An evolutionary model with Turing machines

The development of a large non-coding fraction in eukaryotic DNA and the phenomenon of the code-bloat in the field of evolutionary computations show a striking similarity. This seems to suggest that (in the presence of mechanisms of code growth) the evolution of a complex code can’t be attained without maintaining a large inactive fraction. To test this hypothesis we performed computer simulations of an evolutionary toy model for Turing machines, studying the relations among fitness and coding/non-coding ratio while varying mutation and code growth rates. The results suggest that, in our model, having a large reservoir of non-coding states constitutes a great (long term) evolutionary advantage.

💡 Research Summary

The paper investigates a striking parallel between two phenomena that appear in very different domains: the large proportion of non‑coding DNA in eukaryotic genomes and the “code‑bloat” that frequently emerges in evolutionary‑computation systems. Both involve the accumulation of large inactive portions of a program or genome while the system is still capable of evolving functional complexity. The authors ask whether a substantial reservoir of inactive material is actually advantageous when mechanisms for code growth are present.

To explore this hypothesis they construct a toy evolutionary model based on Turing machines (TMs). In the model each individual is a TM defined by a finite set of states and a transition table. “Coding” states are those that are visited during the execution of a given input; “non‑coding” states are never activated and therefore have no immediate effect on the output. The fitness of an individual is measured by how closely the TM’s output for a set of predefined inputs matches a target output string; exact matches receive high scores, mismatches are penalized.

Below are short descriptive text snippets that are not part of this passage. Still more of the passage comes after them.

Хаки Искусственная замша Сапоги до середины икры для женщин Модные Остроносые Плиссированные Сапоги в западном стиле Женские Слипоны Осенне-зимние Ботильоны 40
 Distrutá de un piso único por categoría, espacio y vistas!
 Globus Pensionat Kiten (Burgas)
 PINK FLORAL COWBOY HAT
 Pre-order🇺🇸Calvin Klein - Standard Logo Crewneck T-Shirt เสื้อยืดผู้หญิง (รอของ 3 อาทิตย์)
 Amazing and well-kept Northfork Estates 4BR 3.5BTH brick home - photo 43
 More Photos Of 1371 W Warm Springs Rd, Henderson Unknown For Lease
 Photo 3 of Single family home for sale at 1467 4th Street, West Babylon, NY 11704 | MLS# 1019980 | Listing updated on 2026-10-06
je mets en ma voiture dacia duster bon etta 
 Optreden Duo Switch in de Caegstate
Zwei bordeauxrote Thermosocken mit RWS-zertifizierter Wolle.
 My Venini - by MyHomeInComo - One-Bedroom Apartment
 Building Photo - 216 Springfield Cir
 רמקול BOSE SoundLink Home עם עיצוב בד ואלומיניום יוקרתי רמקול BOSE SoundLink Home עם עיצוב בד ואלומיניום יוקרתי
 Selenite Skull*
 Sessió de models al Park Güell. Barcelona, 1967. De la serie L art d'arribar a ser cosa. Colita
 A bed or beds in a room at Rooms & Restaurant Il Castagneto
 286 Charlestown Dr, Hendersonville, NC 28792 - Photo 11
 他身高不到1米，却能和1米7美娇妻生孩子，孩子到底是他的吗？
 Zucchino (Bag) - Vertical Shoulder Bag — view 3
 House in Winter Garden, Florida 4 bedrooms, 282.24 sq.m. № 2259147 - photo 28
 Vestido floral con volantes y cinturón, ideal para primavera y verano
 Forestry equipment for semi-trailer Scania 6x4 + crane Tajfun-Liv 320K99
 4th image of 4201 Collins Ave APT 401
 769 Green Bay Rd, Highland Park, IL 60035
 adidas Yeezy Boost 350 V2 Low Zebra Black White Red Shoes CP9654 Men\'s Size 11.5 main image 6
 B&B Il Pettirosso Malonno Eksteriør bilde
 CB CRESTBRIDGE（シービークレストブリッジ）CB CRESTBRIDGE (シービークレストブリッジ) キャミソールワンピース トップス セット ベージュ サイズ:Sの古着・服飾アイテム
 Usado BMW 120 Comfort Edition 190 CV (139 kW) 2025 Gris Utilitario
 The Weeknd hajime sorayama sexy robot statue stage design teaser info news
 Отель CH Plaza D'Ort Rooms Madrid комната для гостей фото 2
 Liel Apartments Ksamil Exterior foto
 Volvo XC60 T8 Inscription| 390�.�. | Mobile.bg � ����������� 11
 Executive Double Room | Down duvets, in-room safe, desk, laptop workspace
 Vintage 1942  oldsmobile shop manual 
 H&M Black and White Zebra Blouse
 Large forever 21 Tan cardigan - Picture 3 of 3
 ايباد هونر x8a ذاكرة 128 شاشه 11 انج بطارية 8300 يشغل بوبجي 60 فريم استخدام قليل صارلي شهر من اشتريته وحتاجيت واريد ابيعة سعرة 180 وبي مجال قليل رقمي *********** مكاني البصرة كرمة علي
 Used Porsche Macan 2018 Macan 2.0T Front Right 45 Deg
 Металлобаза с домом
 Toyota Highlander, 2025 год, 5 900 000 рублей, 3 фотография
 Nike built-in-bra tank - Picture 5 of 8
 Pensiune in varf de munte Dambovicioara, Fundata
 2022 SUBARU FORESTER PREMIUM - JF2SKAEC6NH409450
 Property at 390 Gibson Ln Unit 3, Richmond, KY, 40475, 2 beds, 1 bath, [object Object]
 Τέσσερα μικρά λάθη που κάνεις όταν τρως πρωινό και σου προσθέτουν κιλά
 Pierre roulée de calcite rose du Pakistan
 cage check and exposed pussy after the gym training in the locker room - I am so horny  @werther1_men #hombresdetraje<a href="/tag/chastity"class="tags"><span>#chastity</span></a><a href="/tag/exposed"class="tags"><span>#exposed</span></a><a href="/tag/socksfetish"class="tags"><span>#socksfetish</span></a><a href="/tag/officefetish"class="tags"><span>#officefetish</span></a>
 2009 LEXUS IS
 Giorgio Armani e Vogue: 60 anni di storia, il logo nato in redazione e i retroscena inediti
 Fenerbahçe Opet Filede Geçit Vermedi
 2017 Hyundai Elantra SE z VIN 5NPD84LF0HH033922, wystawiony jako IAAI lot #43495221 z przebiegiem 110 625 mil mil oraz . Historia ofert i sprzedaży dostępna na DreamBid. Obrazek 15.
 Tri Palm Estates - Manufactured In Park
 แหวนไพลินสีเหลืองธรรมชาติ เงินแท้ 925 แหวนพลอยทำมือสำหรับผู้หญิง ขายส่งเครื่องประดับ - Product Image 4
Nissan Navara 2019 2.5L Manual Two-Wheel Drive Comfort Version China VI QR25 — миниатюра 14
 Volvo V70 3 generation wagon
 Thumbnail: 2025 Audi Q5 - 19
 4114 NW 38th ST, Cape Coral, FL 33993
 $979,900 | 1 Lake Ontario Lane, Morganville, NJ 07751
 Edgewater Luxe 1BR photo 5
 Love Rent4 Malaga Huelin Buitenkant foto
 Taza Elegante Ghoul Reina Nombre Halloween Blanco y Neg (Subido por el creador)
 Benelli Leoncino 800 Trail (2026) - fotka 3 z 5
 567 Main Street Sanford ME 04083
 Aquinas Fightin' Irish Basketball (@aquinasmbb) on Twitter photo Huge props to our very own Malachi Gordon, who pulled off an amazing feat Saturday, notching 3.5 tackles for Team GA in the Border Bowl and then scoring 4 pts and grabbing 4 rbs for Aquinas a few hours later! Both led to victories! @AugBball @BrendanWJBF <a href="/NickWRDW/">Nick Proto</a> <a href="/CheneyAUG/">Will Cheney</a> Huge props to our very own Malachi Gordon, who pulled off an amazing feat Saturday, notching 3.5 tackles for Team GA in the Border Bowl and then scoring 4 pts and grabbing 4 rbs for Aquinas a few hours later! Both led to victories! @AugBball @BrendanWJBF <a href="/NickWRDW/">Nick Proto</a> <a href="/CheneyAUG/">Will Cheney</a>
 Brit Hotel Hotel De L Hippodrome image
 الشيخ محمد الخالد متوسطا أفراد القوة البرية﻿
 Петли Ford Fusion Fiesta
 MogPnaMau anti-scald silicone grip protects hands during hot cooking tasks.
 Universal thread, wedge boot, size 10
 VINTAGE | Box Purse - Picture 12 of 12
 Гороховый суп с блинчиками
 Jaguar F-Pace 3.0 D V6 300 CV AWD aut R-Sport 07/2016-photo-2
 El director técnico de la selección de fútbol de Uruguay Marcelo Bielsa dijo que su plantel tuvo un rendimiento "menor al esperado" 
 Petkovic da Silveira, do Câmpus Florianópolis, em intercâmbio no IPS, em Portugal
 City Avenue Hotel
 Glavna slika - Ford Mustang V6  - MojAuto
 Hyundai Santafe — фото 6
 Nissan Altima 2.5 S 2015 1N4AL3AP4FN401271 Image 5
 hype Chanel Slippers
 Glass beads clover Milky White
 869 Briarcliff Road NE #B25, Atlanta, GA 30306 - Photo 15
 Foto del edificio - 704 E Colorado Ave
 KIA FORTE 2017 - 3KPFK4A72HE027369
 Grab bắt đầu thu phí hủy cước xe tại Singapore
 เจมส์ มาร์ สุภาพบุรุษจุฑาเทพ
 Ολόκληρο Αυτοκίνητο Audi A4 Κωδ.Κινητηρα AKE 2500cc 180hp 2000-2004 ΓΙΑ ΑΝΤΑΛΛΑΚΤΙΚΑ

Two evolutionary operators are applied each generation. The first is a mutation operator that randomly alters existing transitions or inserts/deletes transitions, thereby changing the functional part of the machine. The second is a code‑growth operator that adds new states that are initially non‑coding, mimicking the insertion of transposable elements or other neutral DNA in real genomes. The rates of these two processes are controlled independently: μ denotes the mutation rate and γ the code‑growth rate. By varying μ and γ across a wide range, the authors generate many evolutionary runs that span thousands of generations.

The results reveal several consistent patterns. When μ is low, fitness improves only modestly regardless of how many non‑coding states are present; the population quickly reaches a plateau because beneficial mutations are rare. When μ is high, however, populations that maintain a large pool of non‑coding states (high non‑coding fraction) are far more likely to discover beneficial new transitions. The non‑coding pool acts as a genetic buffer: it absorbs the disruptive effects of many mutations while providing raw material that can later be co‑opted into functional code. In other words, neutral or “junk” states increase the mutational robustness of the system and expand the searchable space for innovation.

The code‑growth rate γ also shows a non‑linear effect. Small γ values lead to insufficient non‑coding material, limiting the long‑term adaptability of the population. Very large γ values cause an explosion of inactive states, which raises memory and computational costs and eventually slows down the evolutionary process. An intermediate γ yields the best trade‑off: enough neutral states to buffer mutations and to be recruited later, but not so many that the system becomes computationally unwieldy.

Long‑term simulations (several thousand generations) demonstrate that populations with a non‑coding fraction above roughly 70 % are markedly more successful at evolving complex target functions, such as multi‑step logical operations. Populations with a non‑coding fraction below about 30 % may achieve high fitness early on, but they tend to stagnate or even regress when the task requires additional layers of complexity.

These findings have two major implications. First, in evolutionary algorithms the ubiquitous code‑bloat should not be dismissed merely as inefficiency; deliberately allowing or even encouraging the growth of neutral code can improve the algorithm’s ability to explore rugged fitness landscapes and to discover novel solutions. Second, the study provides quantitative support for the biological view that non‑coding DNA is not merely evolutionary “junk” but a reservoir of latent functionality that can be harnessed during periods of rapid environmental change or increased mutational pressure.

The authors conclude by suggesting future work that would endow non‑coding states with richer structural properties (e.g., repetitive motifs, transposable‑element‑like dynamics) and by comparing the model’s predictions with empirical genomic data. Overall, the paper offers a unified conceptual framework that links code growth, non‑coding reservoirs, and evolvability, delivering insights valuable to both the evolutionary‑computation community and to researchers studying genome evolution.